La clientèle de Super tout nu a la possibilité d’acheter les bocaux ou de passer à travers un système de consigne inversée incitative. « On encourage les gens à nous rapporter leur pot contre 10 sous en bon d’achat » précise-t-elle.

Qu’en est-il au Québec ?

Les épiceries de vrac poussent un peu partout à Montréal et dans les grandes villes, avec plus ou moins de succès depuis la pandémie. Par contre, aucune pour l’instant ne peut prétendre au statut de supermarché comme le fait Super tout nu.

Opérant à plus petite échelle, elles profitent d’une clientèle de quartier souvent fidèle, qui a une conscience environnementale et le souci de manger santé. Comme le fait remarquer Blandine Mille, copropriétaire de LOCO Plateau : « On se connaît tous, on est tous des collègues et non des compétiteurs. Nos compétiteurs, ce sont les grosses bannières. »

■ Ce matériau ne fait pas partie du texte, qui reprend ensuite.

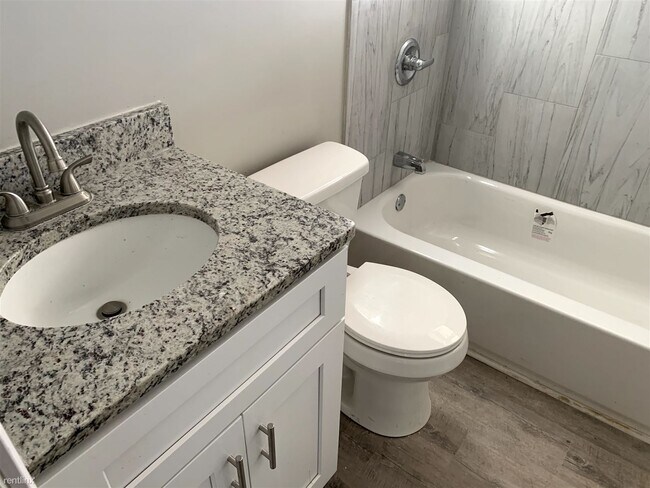 Building Photo - 2 br, 1 bath Duplex - 3401 Meredith Avenue...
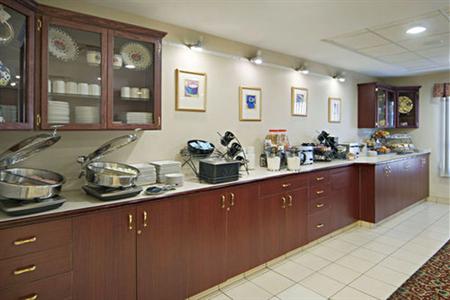 фото отеля BEST WESTERN Red Deer Inn and Suites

La vente en vrac rencontre parfois quelques obstacles. Super tout nu a beau se targuer de proposer 60 % de produits locaux, certains produits ne se font ni dans le vrac, ni dans le bio, ni dans le local, ni sans emballage.

Pour faire face au problème, les épiceries de vrac québécoises ont généralement une offre avec moins de diversité qu’une grande surface, mais beaucoup plus de qualité et des produits réellement nutritifs. C’est le parti pris par LOCO qui croit à la qualité versus la quantité. « Si les gens faisaient le calcul de tous les aliments qu’ils jettent, ils réaliseraient les économies qu’il y a à faire en achetant en vrac la quantité nécessaire et pas davantage », affirme Blandine Mille

Du côté de Super tout nu, on a plutôt opté pour faire des compromis. Des fruits comme la banane, l’ananas, la mangue ou l’avocat ne se cultivent pas en France (ni au Québec d’ailleurs). Difficile dans ce cas pour Super tout nu de respecter son engagement de se fournir chez des producteurs ou des transformateurs situés dans un rayon de 100 kilomètres. Le supermarché s’autorise ainsi quelques exceptions en faisant venir des produits d’Italie ou d’Espagne. Marie Alsina explique : « On n’a pas d’avocat pendant les trois quarts de l’année, et les mois où on en vend, il est bio et espagnol ». Le problème se pose également pour les épiceries d’ici, d’autant que les distances géographiques ne permettent pas toujours de s’approvisionner chez des producteurs situés à moins de 100 kilomètres, avocats ou pas.

Le beurre représente un autre défi. Seul du beurre de très grande qualité est vendu en bocal, son prix est donc élevé. Pour offrir un choix moins cher à la clientèle, le Super tout nu propose un beurre emballé plus accessible. « On se dit que si les gens achètent du beurre emballé, ce n’est rien par rapport à tous les produits qu’ils achètent chez nous avec zéro déchet », justifie Marie Alsina.

Malgré l’économie des coûts du marketing et de l’emballage qui représentent environ 40 % du prix affiché, les consommateurs ne paient pas moins cher dans les épiceries de vrac. Cela se justifie par la qualité supérieure de tous les produits, selon Marie Alsina. Elle est d’avis qu’il y a vraiment une éducation à faire auprès des gens qui n’achètent qu’en fonction du prix. « Ce n’est pas vrai qu’on peut bien manger avec des produits de grande surface » revendique-t-elle.

Même envie chez LOCO de conscientiser sa clientèle et de révolutionner, à son niveau et avec ses moyens, le marché de la consommation alimentaire du Québec, en démontrant les avantages du vrac, et les économies que ça représente sur le budget du foyer.